Direction of Trade: →
Chart Levels:
| Support | Resistance |
| 128.87 " | 129.98 |
| 128.3 | 130.5 |
| 127.25 | 131 |
| 126.40/126.10* | 132 |
| 125.65 | 134.40/134.85 |
Fundamental Analysis
Here is the video:
05-14-2009.swf
Some great trading yesterday as just about everything worked out well... our sells in stocks and many currency pairs were pretty well timed and we got a nice break on the BoE Inflation Report. With all the doom and gloom coming out of the BoE with that release, it's really exacerbated the flipping of sentiment negative that we've seen, and a more substantial decline in EUR/USD, and XXX/JPY pairs is starting to take shape. As I write this, it looks like a potential short term bounce is brewing, but I would see that as more of an opportunity to enter a short on the bounce, or add to or reenter shorts you many have taken profits on. I talk about this more in detail in the video.

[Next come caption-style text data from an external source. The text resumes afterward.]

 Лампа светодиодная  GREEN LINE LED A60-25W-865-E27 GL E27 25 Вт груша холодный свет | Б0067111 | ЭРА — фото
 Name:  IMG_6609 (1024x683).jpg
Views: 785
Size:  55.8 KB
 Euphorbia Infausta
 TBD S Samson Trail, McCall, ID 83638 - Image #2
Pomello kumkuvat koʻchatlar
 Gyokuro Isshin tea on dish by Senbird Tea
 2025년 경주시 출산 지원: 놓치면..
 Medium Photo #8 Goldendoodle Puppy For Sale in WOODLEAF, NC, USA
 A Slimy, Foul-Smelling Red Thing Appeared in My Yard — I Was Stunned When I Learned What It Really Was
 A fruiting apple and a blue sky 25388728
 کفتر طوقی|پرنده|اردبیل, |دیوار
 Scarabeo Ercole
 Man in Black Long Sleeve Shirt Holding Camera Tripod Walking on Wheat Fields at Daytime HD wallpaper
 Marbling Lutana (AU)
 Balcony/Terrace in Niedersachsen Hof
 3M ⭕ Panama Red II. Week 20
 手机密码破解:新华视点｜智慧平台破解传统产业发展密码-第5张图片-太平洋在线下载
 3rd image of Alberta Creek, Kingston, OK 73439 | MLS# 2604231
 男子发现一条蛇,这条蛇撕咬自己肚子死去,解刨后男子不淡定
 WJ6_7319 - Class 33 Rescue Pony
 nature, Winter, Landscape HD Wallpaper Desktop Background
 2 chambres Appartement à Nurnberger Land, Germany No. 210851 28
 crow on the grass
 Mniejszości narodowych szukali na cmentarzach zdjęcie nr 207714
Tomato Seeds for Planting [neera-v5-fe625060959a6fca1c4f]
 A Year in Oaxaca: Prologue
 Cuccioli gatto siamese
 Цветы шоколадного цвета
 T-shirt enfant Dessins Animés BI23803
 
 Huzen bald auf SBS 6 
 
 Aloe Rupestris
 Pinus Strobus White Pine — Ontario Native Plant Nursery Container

Stocks may find support as well in this 775-885 range on the S&P as channel support as held for quite some time; however, any decent bounce to 900 or above should be seen as a good shorting opportunity with 914 as a high level that should hold for some time. Longer term, a steep decline in stocks will find a bottom somewhere above 666 and set the stage for a rally to new 2009 highs; however, the precise level it will find that support is currently unclear.
Retail sales in the US yesterday was also negative catching the markets off guard and with that prenews buying we forecasted that developed, there was a lot of quick selling as a result of the bad release. Gold is wavering around right now and a bit unclear with mixed fundamental pressures all fighting to take hold. For news tomorrow:
0830 US Core PPI m/m (0.1% expected) - Inflation numbers have a bit of a mixed effect on USD at times, so I would look to trade this on USD/JPY to play it a little safer. Look for the Unemployment Claims numbers to help with this trade in order to have more confidence in it with higher claims providing selling pressure and lower claims helping the buying side.
If PPI Core comes in at 0.3% or higher, USD/JPY should rally by 20-40 pips
If PPI Core comes in at -0.1% or lower, USD/JPY should fall by 20-40 pips
NZ Retail Sales I don't think is a very good news trade nowadays so I recommend skipping it.